マスコミの公共性について

 まず、昨年読んだ本のなかで最も興味深かった『公共性〜思考のフロンティア』のURL。
http://www.amazon.co.jp/exec/obidos/ASIN/400026429X/qid=1108016345/sr=1-2/ref=sr_1_10_2/250-6822667-5521037#product-details
 ここで言われている「公共性」とは、
「オフィシャルではあるが、コモンでもオープンでもない」。つまり「プライベート」に対する「パブリック」という概念のことだ。(この間に存在する「ソーシャル」(社交性)については、またいつか述べたい)

 私がいちばん興味があるのは、「メディアの多様化」という文脈の中で、よく用いられる「マスコミのパワー(信頼性)の低下」というテーゼである。それは正しい見方なのだろうか。
 若者が(オジサンだな、この言い方自体が^^)「裏読み」が好きで、「マスコミの報道なんか信じていない」と言う癖に、オカルトやUFO、血液型性格判断みたいなことを鵜呑みにしている莫迦莫迦しさ。「広告は信用できないけど広報なら信頼できる」。うん? そもそもマスコミを信じていないんだったら、それって無効じゃん(笑)

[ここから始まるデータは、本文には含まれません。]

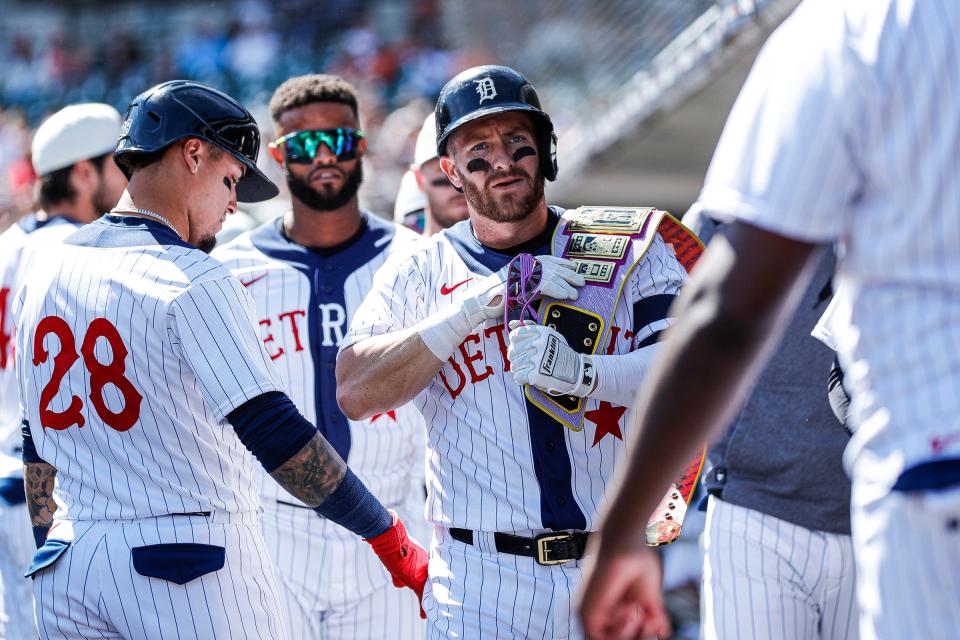 Detroit Tigers left fielder Robbie Grossman (8) celebrates a home run against the Texas Rangers during the first inning at Comerica Park in Detroit on Saturday, June 18, 2022.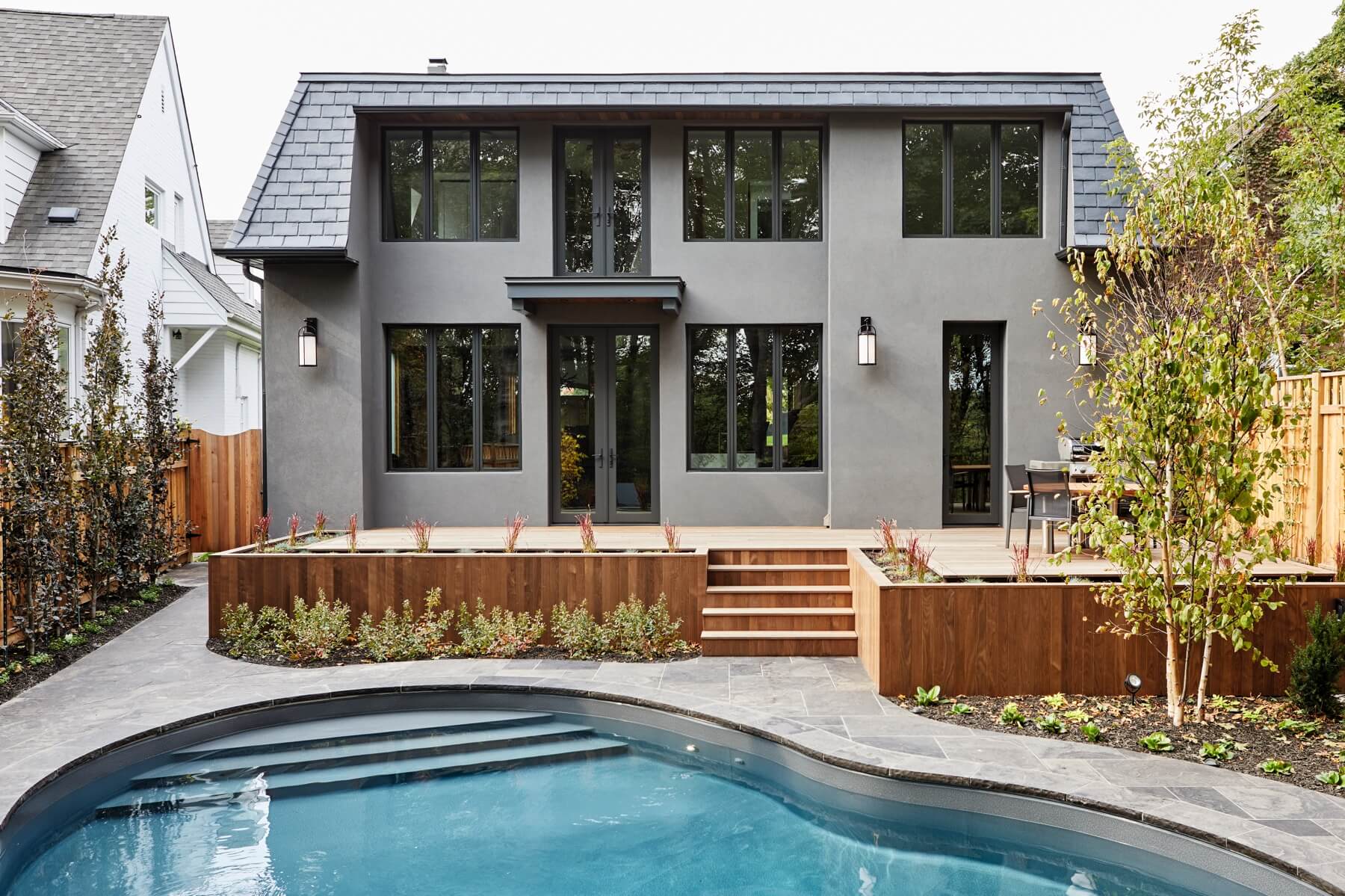 Islington Village: In keeping with the French style, a metal and slate mansard roofline dominates the façade, while inside, an open concept main floor split across three elevations, is punctuated by reclaimed rough hewn fir beams and a herringbone…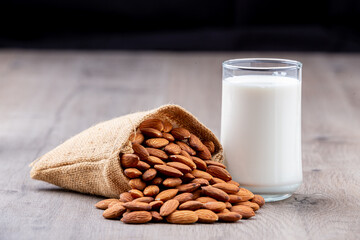 Close Up glass of Almond milk in a glass with Almond seeds. an wooden background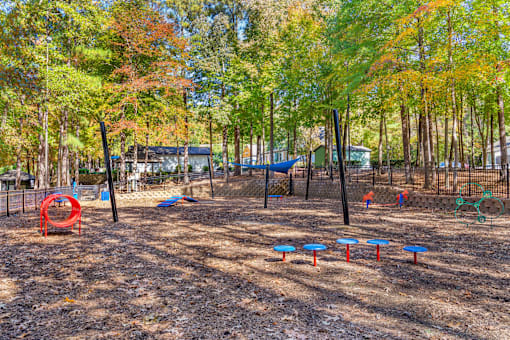A playground with a red swing set and blue and red slides.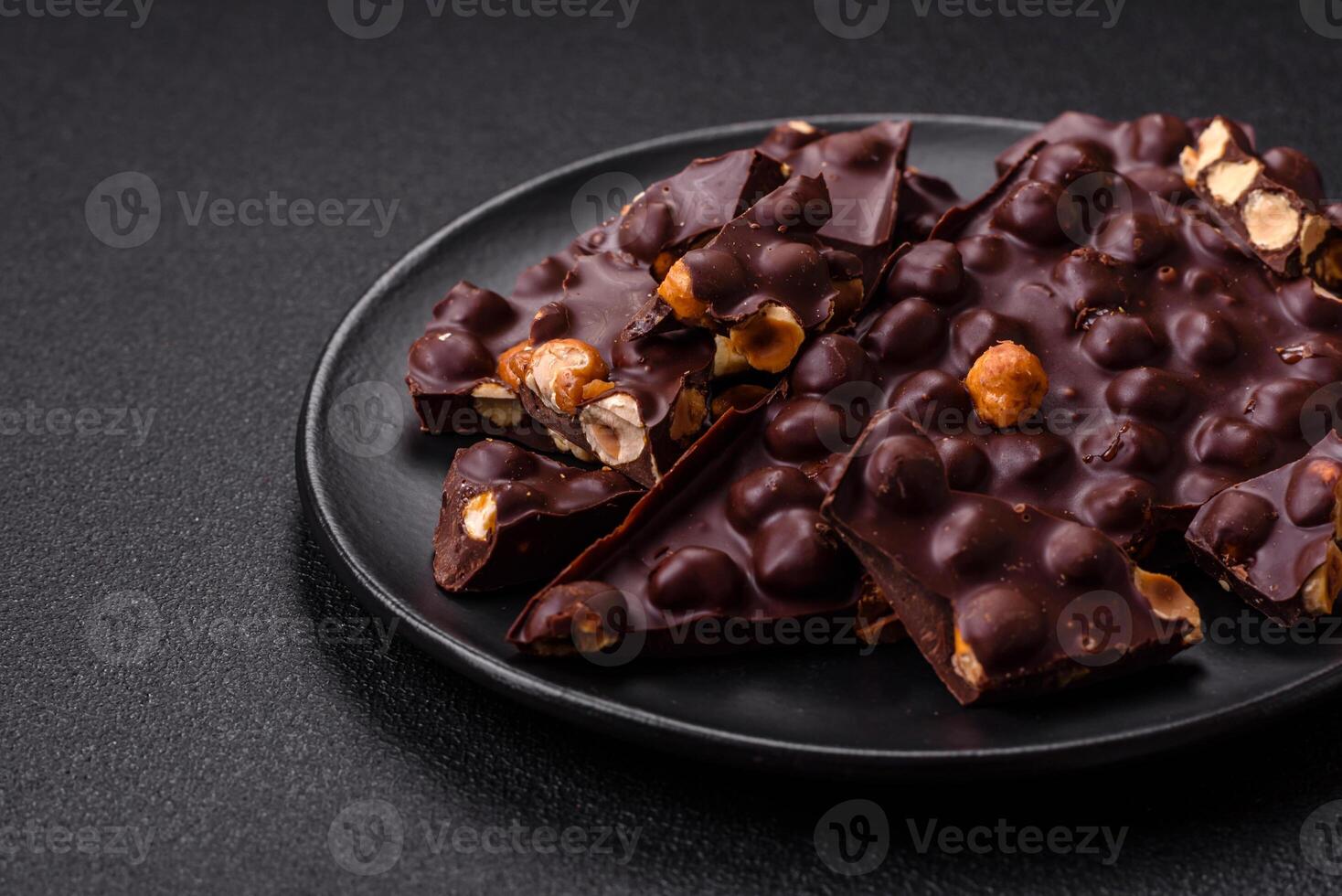 Black bitter chocolate with whole hazelnuts, candied fruits and mint photo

 そんな時、今まさに「公共性」を問われている放送局の研究所が、webサイトにこんなインタビュウを掲載していた。
http://www.nhk.or.jp/bunken/research/kokunai/tenkan_05020101.pdf
 TBS出身の演出家、今野勉氏の言葉。
──「どうせテレビはやらせなんだから」という言い方が一時流行しましたが、そうやってメディアを距離を持って見る大切さがあると同時に、逆に非常に不幸な時代だなという気もします。
──そこで、小説の世界では読者を納得させるために、多層構造を持つようになってきています。映像の世界もそういうふうになりつつあるんです。
──的確な多層構造によって、作り手と対象と視聴者との関係を明らかにすることで視聴者の信頼を取り戻すとか、いろんなことが必要になってくるんだと思います。

 正しい認識だと思う。

──僕はマスコミュニケーションの役割は絶対必要だし、マスコミ的なメディアは残るべきだと思います。
──マスコミがなぜ面白いかといえば、不特定多数がどういうふうに流動するか分からないからです。突拍子もないもの、未開拓で未知のものを作り出す可能性は、マスコミというダイナミズムの中にこそあるんです。
──僕がアメリカに行って不思議に思うのは、視聴率競争は日本よりはるかに激しいけれど、表現ではすごく大人だということです。(2004年のスーパーボール中継、Jジャクソン事件を取り上げて)テレビならテレビでの公共性についての暗黙の了解が成立している。それが文化ということで、アメリカ文化(宗教的倫理観)が公共性を支えているんですね。
──ところが日本にはそれがどうもないようで、何が歯止めになり、どこまでが許されるというのがない。テレビが危険なのではなく、日本の社会の中で公共の場ではここが線だよと暗黙の了解を作れない。

 なるほどね。

 もともと、commonとかcommunicationの(com)というのは、ラテン語の前置詞 cum (with)の異形で、「together」と同じ意味なのだ。
──共に、共同して、一か所に、相互に、同時に、一斉に、調和して、続けて──
 つまり、相手への理解、共感。他者の中に自分と同じ部分を発見すること。芸術であれスポーツであれ、文化であれ、それが人を感動させるのは「自分と同じ人間が、こんなことができるんだ。(もしかしたら自分もできるかもしれない)」と訴えかけてくるからである。一言でいえば、それは「普遍」ということだ。

 そのような“通じ合う”感覚を持って、初めて人は理解し会うことができるのだ。その感覚を大事にしたい。昨日のワールドカップアジア最終予選の熱狂の中にも、きっとそれはあったはずだ。人間には共通する「目標」が必要なのだ。ひとりで生きてはいけないから。